Restraint and Humility, St. Philotheos of Sinai, Philokalia, vol 3

Forty Texts on Watchfulness, #9-16

Philotheos has already told us that he will be focusing on the toughest and most nuanced sins of all, those committed on the noetic plane. This enemy is so subtle and so formidable that combatting it, requires constant watchfulness.

What do we, as modern men and women, think of as “enemy?”

“Sin” is often an unfamiliar and even repellant concept to us in the 21st century. We may define it as equivalent to a social or legal transgression, like murder, or we may vaguely associate it with archaic offences that are no longer considered “sinful.”

Philotheos approaches this concept with great psychological subtlety:

But the enemy in his turn tries to subvert this commandment by stirring up strife and thoughts of rancor and envy within us.

Who cannot relate to inner turmoil and fear? How often do persistent thoughts of resentment, anger, envy, self-pity, arrogance, ambition, or desire for control clutter our minds and gain momentum until they become obsessive and explode in destructive action?


Philotheos attributes this state of spiritual defeat to the misuse of, and imbalance between, the powers of the soul. When the intellect (nous), the highest faculty in human person, cedes control to the incensive power–the irascible power that provokes passions and can be manifested in wrath—our souls die gradually.

The enemy that wants to overpower the intelligence is “a skilled commander.”

…and so, by bombarding the intelligence with evil thoughts-with thoughts of envy, strife, contention, guile, self-esteem-he persuades the intelligence to abandon its control, to hand the reins over to the-incensive power, and to let the latter go unchecked. And the incensive power, having so to speak unseated its rider, disgorges through the mouth in the form of words all those things stored up in the heart as a result of the devil’s wiles and the intellect’s negligence.

When we are in a state of watchfulness and attentiveness, we see clearly. We grasp the potential significance of actions and thoughts that may appear neutral or harmless to one lacking in watchfulness. For the fathers of the Eastern Church, for example, talking is evidence of lack of restraint, and can become means of control and gateway to evil:

It is as the Lord said: ‘The mouth expresses what fills the heart’ (Matt. 12:34). For if the devil can induce the person he has taken possession of to utter what is harbored within, then that person will not merely call his brother ‘dolt’ or ‘fool’ but may well pass from insulting words to murder… Thus the devil achieves his purpose when he makes us break God’s commandment by means of the thoughts that he insinuates into the heart.

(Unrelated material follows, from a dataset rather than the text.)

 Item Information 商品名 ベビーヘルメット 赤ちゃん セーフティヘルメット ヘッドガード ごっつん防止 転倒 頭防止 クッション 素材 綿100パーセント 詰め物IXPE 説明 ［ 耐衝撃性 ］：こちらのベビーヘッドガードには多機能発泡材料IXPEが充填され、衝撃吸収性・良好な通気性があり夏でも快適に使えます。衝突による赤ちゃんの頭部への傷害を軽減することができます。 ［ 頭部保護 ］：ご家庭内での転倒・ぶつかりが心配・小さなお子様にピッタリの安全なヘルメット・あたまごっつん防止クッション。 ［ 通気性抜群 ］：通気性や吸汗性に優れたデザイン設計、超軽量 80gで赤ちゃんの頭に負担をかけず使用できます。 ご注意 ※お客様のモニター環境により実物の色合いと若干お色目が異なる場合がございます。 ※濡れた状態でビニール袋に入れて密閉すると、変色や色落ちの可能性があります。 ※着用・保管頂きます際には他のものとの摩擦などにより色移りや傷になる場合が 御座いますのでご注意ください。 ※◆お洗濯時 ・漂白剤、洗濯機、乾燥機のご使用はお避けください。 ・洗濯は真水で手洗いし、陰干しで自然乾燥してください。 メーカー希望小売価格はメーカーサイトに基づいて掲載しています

…Untimely talk sometimes provokes hatred in those who listen, sometimes – when they note the folly of our words – abuse and derision. Sometimes it denies our conscience, or else brings upon us God’s condemnation and, worst of all, causes us to offend against the Holy Spirit.

Spiritual warfare, then, is not conducted with fanfare in glistening chariots and displays of subjugation of others, but through restraint.

St Paul says: ‘The person engaged in spiritual warfare exercises self-control in all things’ (1 Cor. 9:25). For, bound as we are to this wretched flesh, which always ‘desires in a way that opposes the Spirit’ (Gal. 5:17), we cannot


When we talk a great deal, we usually do so to impress others, win them over, get their admiration or sympathy, overshadow them, denigrate, flatter or persuade them. We may even talk because the anxiety within us makes us afraid of silence.  Our effort at filling any possible silent space is exhausting. Our hyper focus on our own “agenda” also blunts our ability to discern God’s will and be watchful. This is why, Theophilos speaks of the need for humility:

Guarding the intellect with the Lord’s help requires much humility, first in relation to God and then in relation to men. We ought to do all we can to crush and humble the heart.

To resist pride, Theophilos advises “perpetual and vivid mindfulness of death,” and “the detailed remembrance of our Lord’s Passion, the recollection of what He suffered.”  

Lives Transformed

Rather than use our weapons of humility, restraint, and remembrance of death opportunistically, Theophilos calls for integrating them into our everyday reality, in short, for transforming our lives. A life of watchfulness and restraint is attenable to all of us, not only monks. The secret is to be consistent and establish habits and routines:

Let us accustom our body to virtuous and orderly habits, nourishing it with moderation…

For those with experience regard virtue as consisting in an all-inclusive self-control, that is, in the avoidance of every kind of evil. For the pre-eminent source of purity is God, the source and giver of all blessings; but next comes self-control with regard to food, exercised in the same regular manner each day.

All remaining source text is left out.